مقالات پذیرفته شده در نهمین کنگره بین المللی زیست پزشکی
The Role of Mesenchymal Stem Cells in Modulating Immune Response in Regenerative Medicine
The Role of Mesenchymal Stem Cells in Modulating Immune Response in Regenerative Medicine
Kasra Kordi,1,*
1. Islamic Azad University Tehran Medical Sciences
Introduction: Regenerative medicine, a rapidly evolving field, aims to restore tissue and organ function through the repair, replacement, or regeneration of damaged cells, with stem cells as key therapeutic agents. Mesenchymal stem cells (MSCs) are particularly notable for their capacity to differentiate into multiple tissues and modulate immune responses. Because cell-based therapies can induce immune reactions, regulating these responses is crucial for therapeutic success. This paper reviews the principles of regenerative medicine, the characteristics of MSCs, and their interactions with immune cells, emphasizing the potential of MSCs mediated immunomodulation to enhance regenerative outcomes.
Methods: Mesenchymal stem cells (MSCs) do not naturally differentiate directly into most immune cell types such as lymphocytes or macrophages; however, they can modulate immune responses indirectly. Some studies have explored protocols to induce MSC differentiation toward immune-like cells, such as macrophage- or dendritic cell-like phenotypes, primarily through specific growth factors, culture conditions, and chemical signals.
Key approaches include:
1. Use of Growth Factors and Cytokines: Supplementing culture media with factors such as GM-CSF (Granulocyte-Macrophage Colony-Stimulating Factor), M-CSF (Macrophage Colony-Stimulating Factor), IL-4, IL-6, and TNF-α to guide MSCs toward macrophage or dendritic cell lineages.
2.Specialized Culture Environments: Employing specific physical and chemical culture conditions, including three-dimensional (3D) culture systems and biomaterials, to enhance differentiation efficiency.
3.Co-culture Systems: Culturing MSCs alongside primary immune cells (e.g., macrophages) to promote differentiation via cell-to-cell signaling.
4. Chemical and Physical Stimuli: Applying chemical stimuli like lipopolysaccharide (LPS) or poly I:C, and physical stimuli such as mechanical stress or light exposure, to induce phenotypic changes.
Direct differentiation of MSCs into fully functional immune cells, especially lymphocytes, remains unproven and limited.
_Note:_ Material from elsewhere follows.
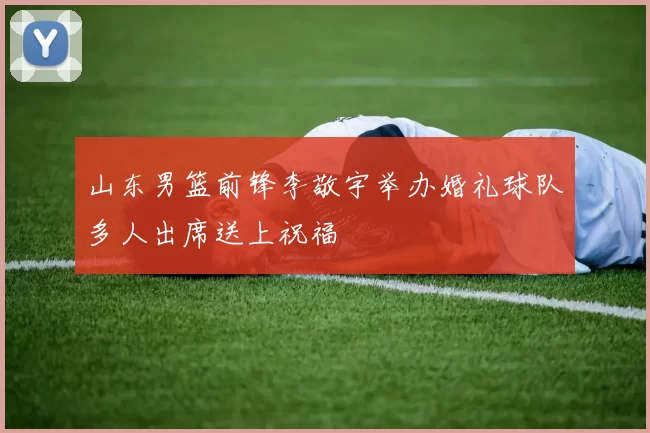 山东男篮前锋李敬宇举办婚礼球队多人出席送上祝福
The immunomodulatory role of MSCs is more established, acting primarily through secretion of soluble factors and extracellular vesicles to regulate immune cell behavior rather than direct replacement.
Results: Numerous studies have demonstrated that mesenchymal stem cells (MSCs) exert significant immunomodulatory effects on various immune cell types. MSCs inhibit T cell proliferation and activation through secretion of soluble factors such as transforming growth factor-beta (TGF-β), prostaglandin E2 (PGE2), and indoleamine 2,3-dioxygenase (IDO). They also promote the generation of regulatory T cells (Tregs), contributing to immune tolerance. Additionally, MSCs modulate the activity of dendritic cells by inhibiting their maturation and antigen-presenting capacity, thus dampening adaptive immune responses.
MSCs have been shown to suppress B cell proliferation and antibody production and to reduce natural killer (NK) cell cytotoxicity and cytokine secretion. Furthermore, MSCs influence macrophage polarization, promoting a shift from pro-inflammatory M1 to anti-inflammatory M2 phenotypes, which supports tissue repair and resolution of inflammation.
These immunoregulatory properties are mediated through both direct cell–cell contact and the release of extracellular vesicles containing bioactive molecules. Collectively, these mechanisms enable MSCs to create an anti-inflammatory microenvironment, reduce tissue damage, and enhance the success of regenerative therapies.
Conclusion: Mesenchymal stem cells (MSCs) play a pivotal role in regenerative medicine not only through their differentiation potential but also by their robust immunomodulatory capabilities. While direct differentiation of MSCs into immune cells remains limited, their ability to regulate immune responses via soluble factors, extracellular vesicles, and cell–cell interactions is well established. MSC-mediated modulation of T cells, B cells, dendritic cells, natural killer cells, and macrophages contributes to the suppression of harmful inflammation and promotion of tissue repair. Harnessing these immunoregulatory properties of MSCs offers promising avenues to overcome immune-related challenges in cell-based therapies and improve the efficacy and safety of regenerative treatments. Future research should focus on optimizing MSC-based immunomodulation strategies to maximize therapeutic outcomes in clinical applications.